With the above configuration, the movement distance L1 can be made longer than the movement distance L2. These configurations can be used in combination.

Positional Relationship Among Scanner, Intermediate Transfer Unit, Cleaning Unit, and Rotary Body

Next, a positional relationship among the scanner 4, the intermediate transfer unit 10, the cleaning unit 6, and the rotary body 90 will be described with reference to FIGS. 13A and 13B. FIGS. 13A and 13B are cross-sectional views illustrating a cross-sectional configuration of the image forming apparatus 1.

As illustrated in FIGS. 13A and 13B, the cleaning unit 6 includes the cleaning blade 61 serving as a collection member that collects the waste toner adhering to the photosensitive drum 2 after the toner image is transferred from the photosensitive drum 2, and the waste toner accommodating portion 62. The waste toner accommodating portion 62 accommodates the waste toner removed from the surface of the photosensitive drum 2 by the cleaning blade 61. The cleaning blade 61 is made of, for example, urethane rubber, and scrapes off the waste toner adhering to the surface of the photosensitive drum 2 by an edge portion of the cleaning blade 61. A material and a shape of the cleaning blade 61 are not particularly limited, and the cleaning blade 61 may be formed of a sponge, a brush, or the like.

The rotary body 90, the photosensitive drum 2, the charging roller 3, and the cleaning blade 61 are disposed in a space SP between the intermediate transfer unit 10 and the scanner 4 in a direction of gravity, that is, a direction (−Z direction) opposite to the Z direction.
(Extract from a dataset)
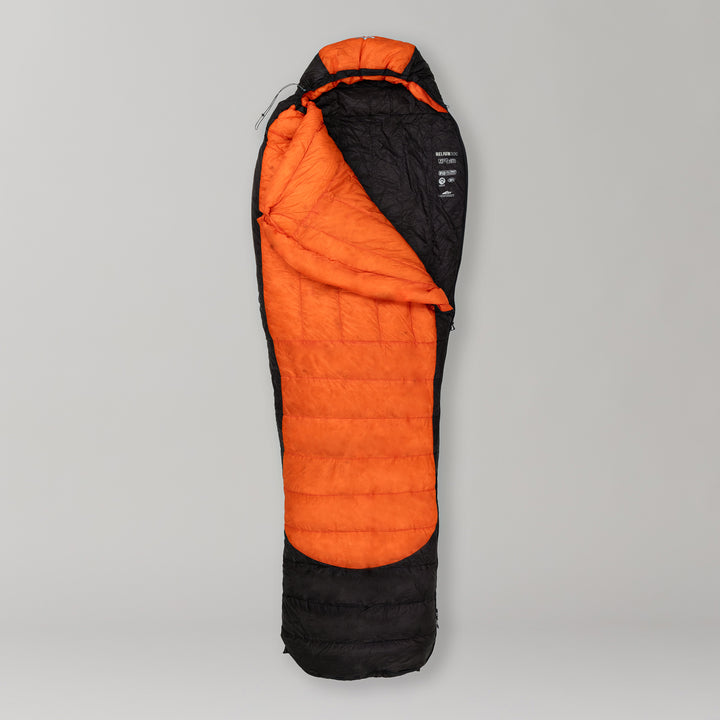 Mont Helium 300 -1°C 850+FP Down Sleeping Bag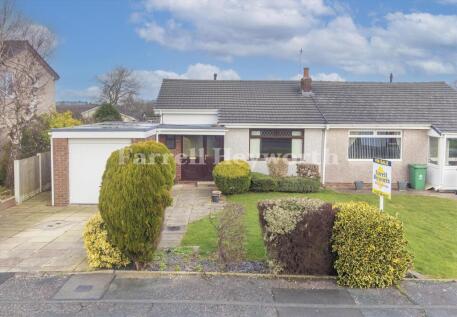 Haydock Road, Lancaster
Then, the intermediate transfer unit 10, the rotary body 90, and the scanner 4 partially overlap one another when viewed in the −Z direction, and the intermediate transfer unit 10, the rotary body 90, and the scanner 4 are arranged in this order in the −Z direction, as indicated by a broken line region PE1 in FIG. 13A.

Further, the rotary body 90, the scanner 4, and the intermediate transfer unit 10 partially overlap one another when viewed in the −X direction, and the rotary body 90, the scanner 4, and the intermediate transfer unit 10 are arranged in this order in the −X direction, as indicated by a broken line region PE2 in FIG. 13B. The image forming apparatus 1 can be reduced in size by arranging the scanner 4, the intermediate transfer unit 10, the cleaning unit 6, and the rotary body 90 in this manner. In addition, the toner cartridge 70 mounted on the rotary body 90 can be easily replaced from the front surface (front side) side of the apparatus body 1A.

Positional Relationship Between Scanner and Waste Toner Accommodating Portion

Next, a positional relationship between the scanner 4 and the waste toner accommodating portion 62 will be described with reference to FIGS. 13A to 16B. FIG. 14 is a perspective view illustrating the intermediate transfer unit 10, the cleaning unit 6, and the scanner 4. FIG. 15 is a front view illustrating the cleaning unit 6 and the scanner 4. FIG. 16A is a front view illustrating a support configuration of the scanner 4, and FIG. 16B is a perspective view illustrating the support configuration of the scanner 4.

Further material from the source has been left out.